I assumed it would be. Taggart has added the link to the BBC iPLayer, but I have a feeling that is only available to people in the UK. It will only be available for a limited time.


----------



## Boludo (Apr 4, 2019)

GregMitchell said:


> I assumed it would be. Taggart has added the link to the BBC iPLayer, but I have a feeling that is only available to people in the UK. It will only be available for a limited time.

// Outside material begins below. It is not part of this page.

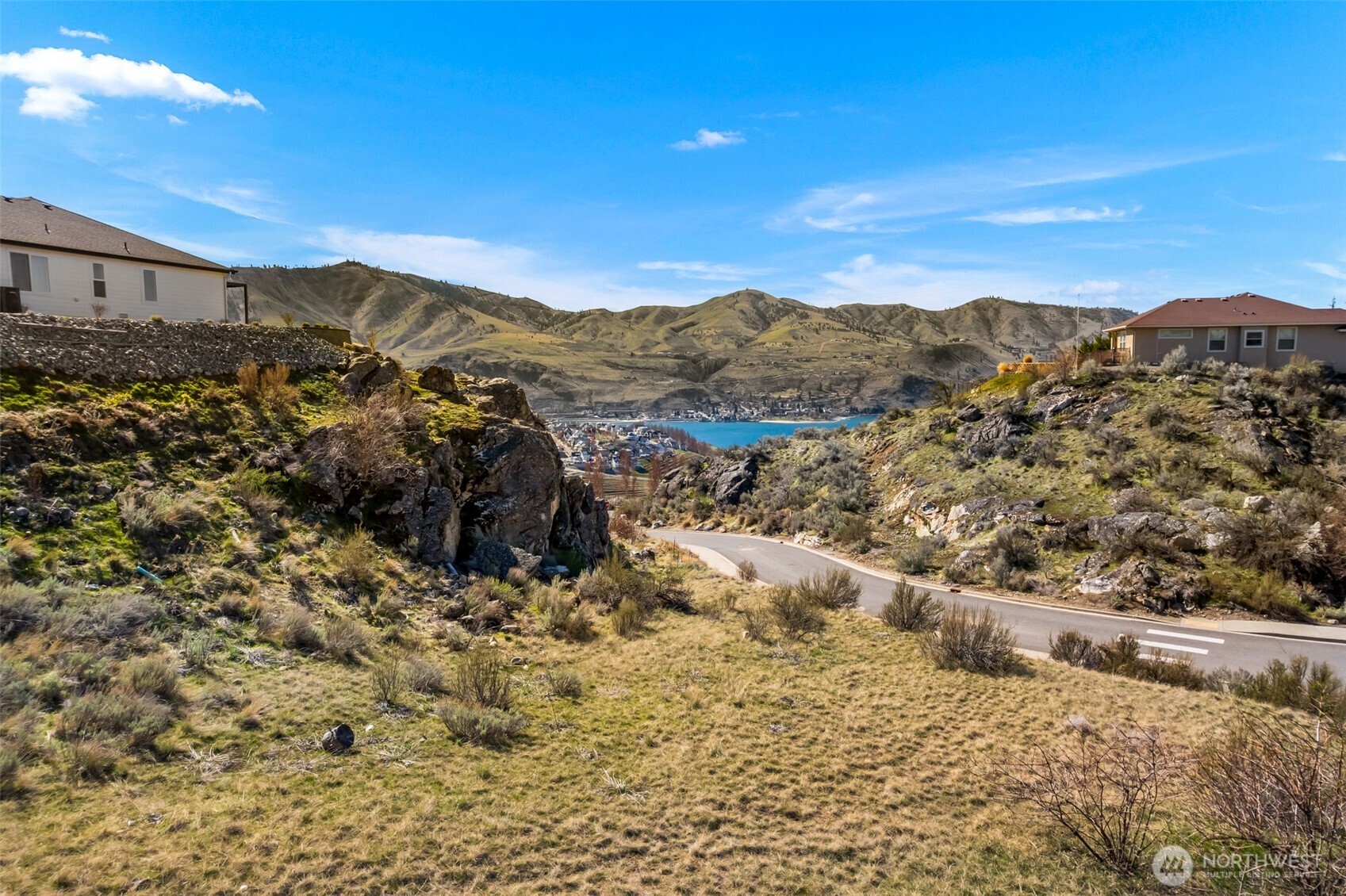 104 Crest Drive Chelan WA 98816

Yes, even within the UK it is available only if you have a TV License. I don't have one, so happily I got to see the programme in time. Thanks again Greg.


----------



## The Conte (May 31, 2015)

GregMitchell said:


> I don't think she sounds anything like Ferrier, and their repertoires might have started off similar, but diverged quite a bit later. Ferrier was a true contralto. Baker was not and she had a very useful upper extension. A above the stave was the absolute top of Ferrier's voice, whereas, according to my singing teacher, who knew her, Baker would exercise up to top D.
> 
> Finally I have no idea what you mean about other voices having more soul. I have never found Baker in the least bit cool, and she has reduced me to tears on more than one occasion. Her Marguerite on the otherwise not very recommendable Prêtre recording of *La Damnation de Faust* is arguably the best on record. The only other singers I have heard to equal her performance of _D'amour l'ardente flamme_ are Callas and Verrett. Her Didon is peerless, passionately intense and scrupulously sung. Though their voices and methods are so dissimilar, she has a Callas-like ability to get right to the emotional core of the music, without ever diverging from the score. Soul is the very thing that marks her out from other singers.


I may not have explained myself well as you seem to have taken some of my observations as being negative points. When it comes to similarities and differences between singers it is, of course, all relative. However, most singers sound _similar_ to at least one other singer whilst still being instantly recognisable and these singers often sing a lot of the same repertoire. You have Callas, Souliotis and Aliberti, all different and each one sang roles the other two didn't, but at the same time there is a similarity in their timbres. Baker has a _similar_ tone to Ferrier, Ludwig and Meier to my ear and these four shared _some_ repertoire. (It's true that Ferrier's voice had a darker hue and she had quicker vibrato, but _similar_ doesn't mean _same_). Baker was seen as the heir to Ferrier at the beginning of her career, so this observation isn't controversial, nor should it be taken as being denigrating, which is why I find comments poo pooing the similarities between the two as if someone had suggested that Baker were the "English Simionato" amusing more than anything else. I am in no way suggesting that Baker was a poor copy of Ferrier or that she was trying to imitate her, it is clear that she has always felt that she was a special artist in her own right, even before she started singing seriously.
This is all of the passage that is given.